Time, please, slow down. Let me have one more minute to see the three pair of eyes. ONe more minute to cuddle with little warm bundle. One more minute to wash dirty , dirty little feet. One more minute to kiss the wounds of the world exploration. One more minute to read a bed time story. One more minute to rock a wiggler to sleep. One more minute to listen to warm fast breathing. One more minute to kiss soft little cheeks and spiky little noses. One more minute to hear once more three little voices , speaking at once on three different subjects.
Time, please, freeze. Even if only for a minute. It is so worth it.

April 29, 2010

Did you know?

That the 30 day re-awakening is going in full bloom on my other site of heaven? It's spring. It's time. Day 2. You will be surprised. Enjoy!

Dancing your way home

As promised. Let me introduce one of the most famous point shoe makers, Mr Jacob BLOCH.

Bloch's philosophy of listening to dancers is still as strong today as it was when Jacob Bloch made his first pair of pointe shoes in 1932. Bloch arrived from Europe in 1931 at the height of the Great Depression and began making shoes by hand in the workshop where he lived.

Bloch loved watching ballet and visited many dancestudios. At one such studio, he noticed a young dancer who was having trouble staying on pointe. Bloch promised he would make her a better pair of shoes, and so he did. After that, Bloch?s reputation for making good dance shoes spread rapidly.

At Bloch, the respect the company has for its clients' art is infinite. Contributing to a dancer's artistry, in even the slightest way is the ultimate Bloch goal. Admittedly jealous of their clients' artistic ability, Bloch is proud to contribute confidence and beautythrough the best dance footwear in the world.

Surprised? I was when I stumbled over the whole section of BLOCH shoes at Century 21. It appears that Mr. Bloch STILL listens to the dancers. These are the most comfortable shoes I've EVER owned. When wearing them, I feel that I have my ballet flats on. As a matter of fact, I can teach no problem in them. They allow for all the flexibility and movement, plus just the right amount of support. I love them. And the look is very flattering on the feet.

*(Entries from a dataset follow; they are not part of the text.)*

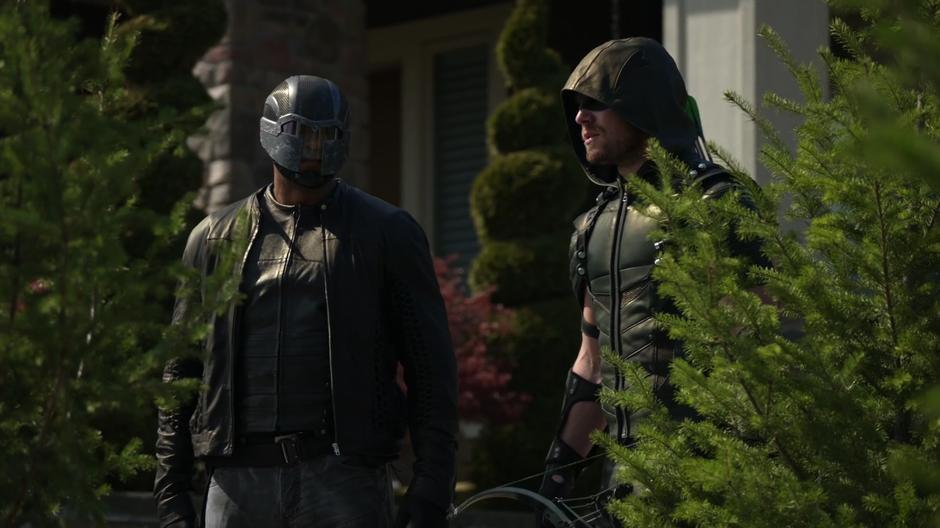 Arrow - Image 3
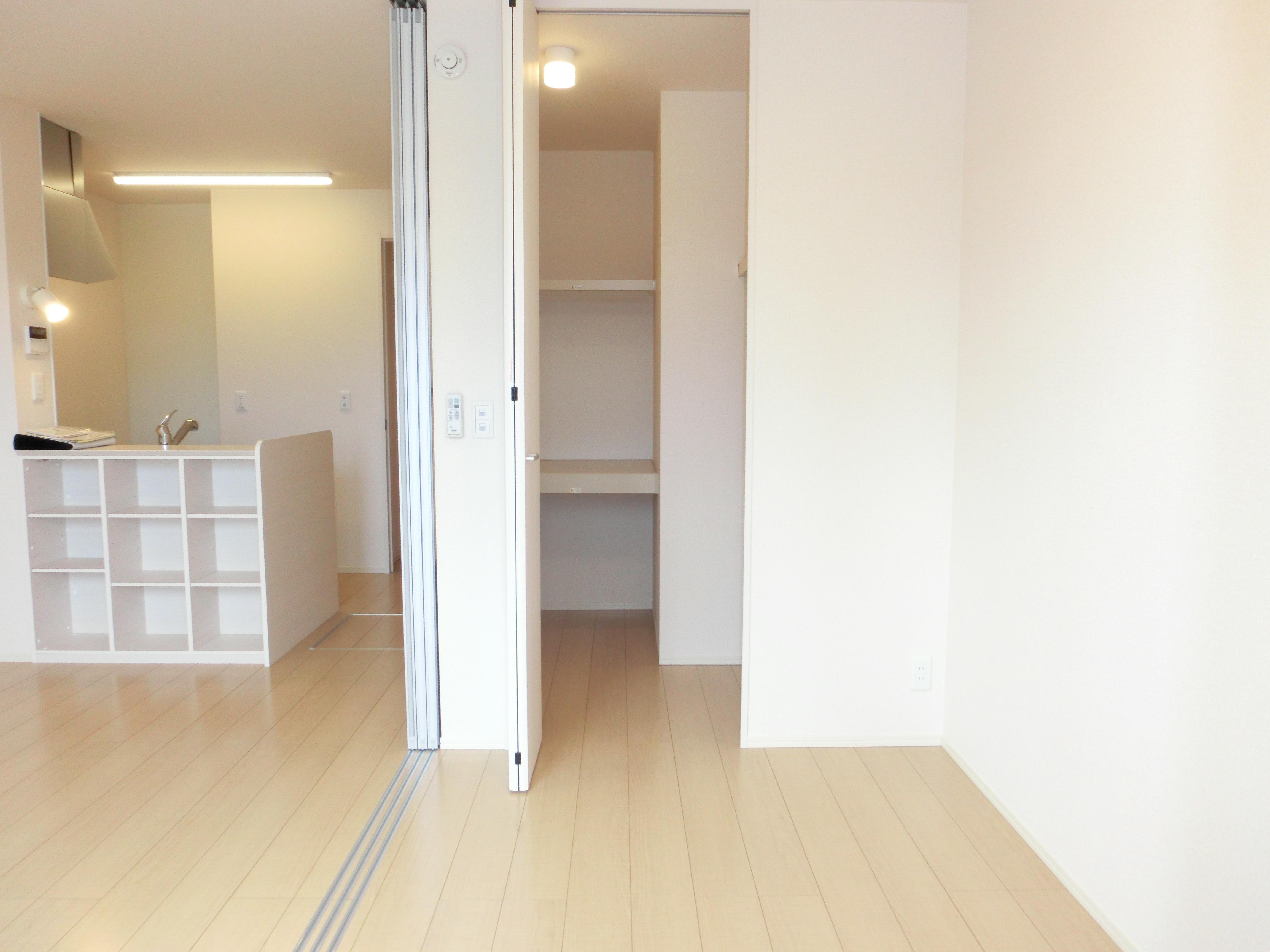 ★D-room★ペット可(小型犬)★インターネット無料★フルール類家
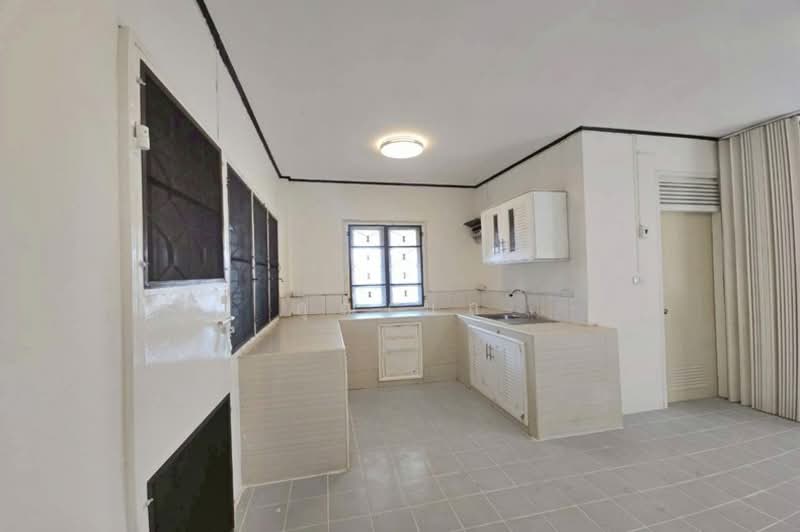 Busarin Rangsit, Pathum Thani, Khu Khot, Lam Luk Ka, Pathum Thani, 3 Bedrooms, 115 sqm, Townhouse For Sale, by คุณเบล, 500273691 - DDproperty.com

I never thought I would be able to wear flat, or , rather WANT to walk in them. But with these babies around I don't have to walk - I can just dance my way wherever I go.

PS: New York revealed quite a few "never thought I would"s for me. Come back tomorrow to read what they are.

April 28, 2010

seeing the world from 4 inches lower

I was born in 4 inch heels. And actually, that is kind of true. My arches are so high, that since I remember myself, I had to have some sort of support, or it was rather uncomfortable and painful.** As I grew and gravitated towards the higher heel, little by little the flat shoe completely disappeared from my wardrobe. The only "flats" I owned were the ballet flats. Until recently.

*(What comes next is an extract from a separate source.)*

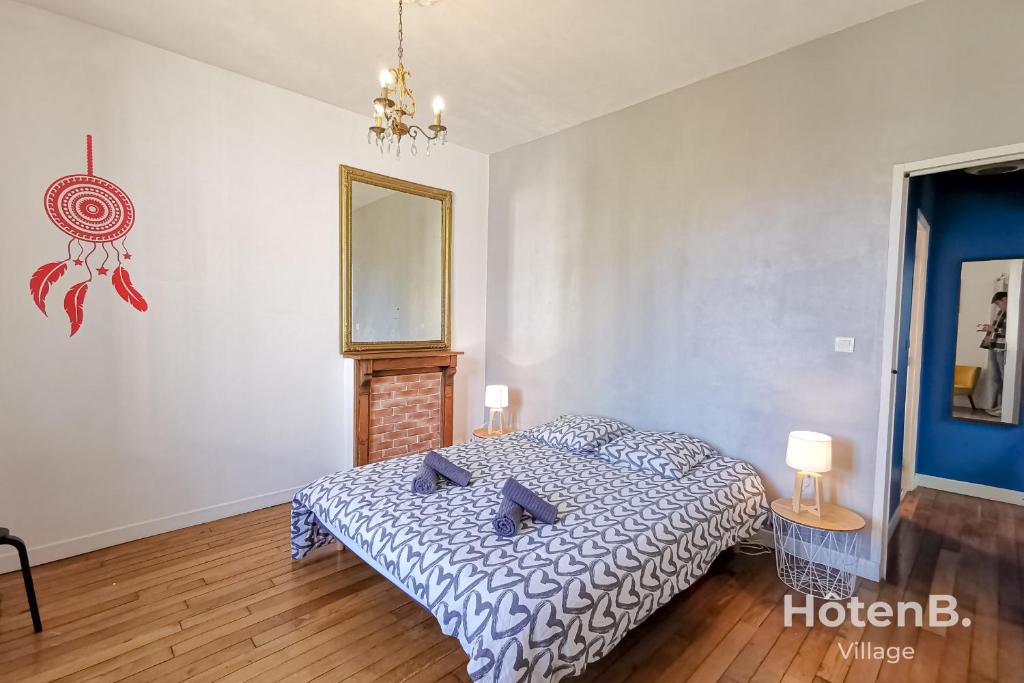 Posteľ alebo postele v izbe v ubytovaní La Belle Agapanthe-Iris - Maison de ville à Limoges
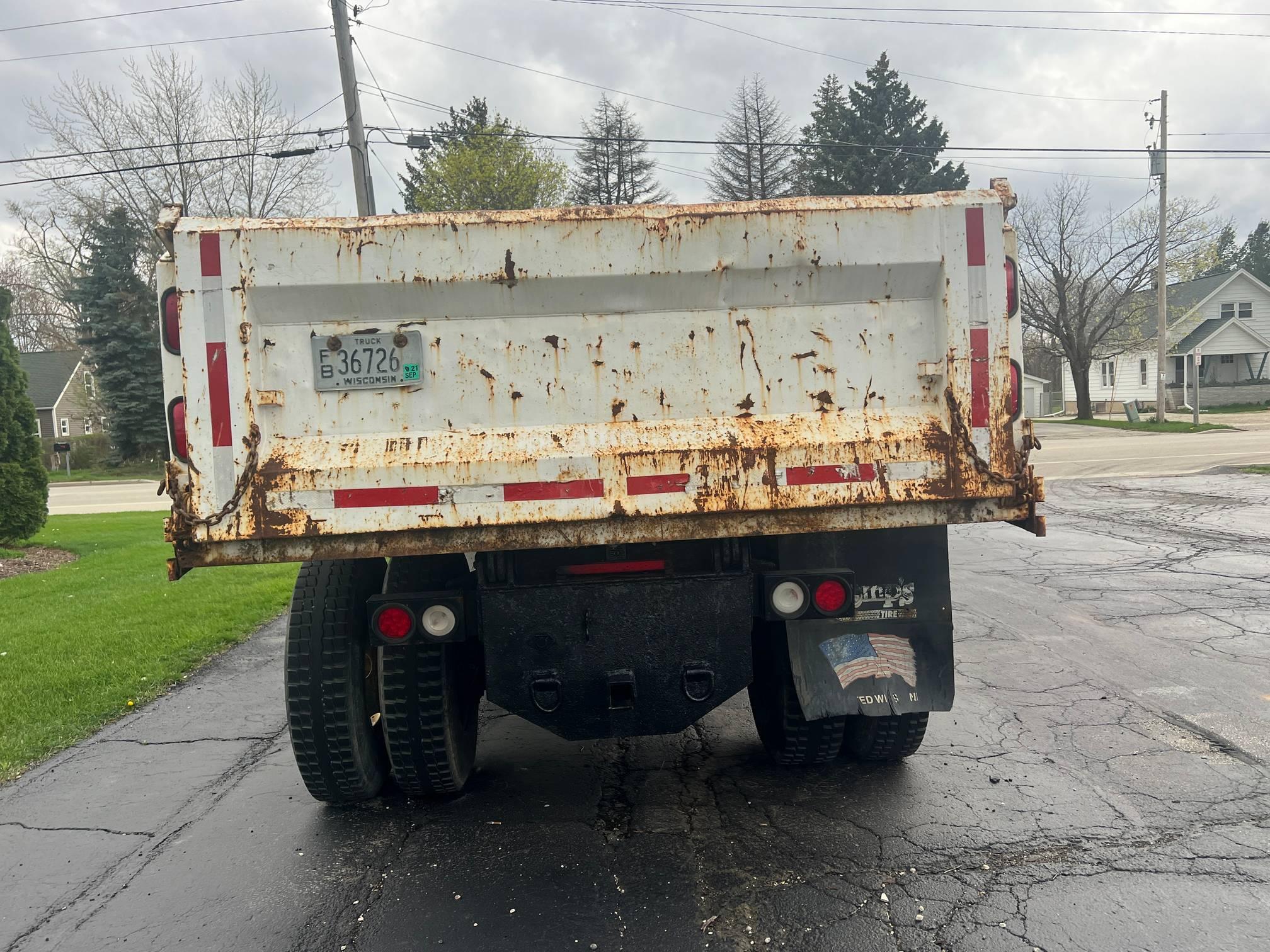 2002 International MA025 Contractor Dump Truck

LIving in NYC and seeing day by day, by day all the stunning beauties wearing beautiful flats ( and looking comfortable), got the better of me. I wanted to give it a try, at which I miserably failed last summer. I embraced my 4 heeled life back again, reasoning that there are plenty just as stunning beauties in heels, and I really DON'T have to wear flats. But the secret jealousy got locked in my heart. I am a perfectionist. So I nourished it for a hear, and last month determinedly decided to achieve the "flat"wear life style, even if temporarily.

I did not know that one needed to LEARN to walk in flats. Don't get me wrong - it's nothing like "learning the heels" stuff. I COULD walk around the apartment, but on the street... After about 5 minutes I was dying. Every little muscle in my legs were screaming and cursing at me. After all, they all comfortably existed for n+ years, until I decided to change that. I was so sore, it was no funny at all. Besides, I HATED the way EVERYTHING was all of a sudden bigger, taller, and I felt rather vulnerable.

And then... after about 5-6 days... the torture ended and I fell in love with my new outlook. There are some pluses that I never experienced before : like actually FEELING small ( being a dancer and surrounded by 90 lbs skinnies is not really helpful in every day life), FEELING the ground when I walk. I don't use padding in my point shoes, because I need to feel the floor. But I always walked in shoes that were at least 3 inches above the ground. The lightness of the step ( AFTER I learned how to walk ), and , of COURSE, the possibilities and versatility of STYLE. I love the many, many looks one can achieve with flats, and I have discovered, to my pleasant surprise, some really well designed and supportive flats. While I am by no means rejecting my 4''s, I am definitely enjoying the possibility ( and beauty ) of the world from 4 inches lower.

I love all the shoes , but these ones are my absolute favorites! Come back tomorrow, and I will tell you who makes them and why I love them. I promise, you will be pleasantly surprised!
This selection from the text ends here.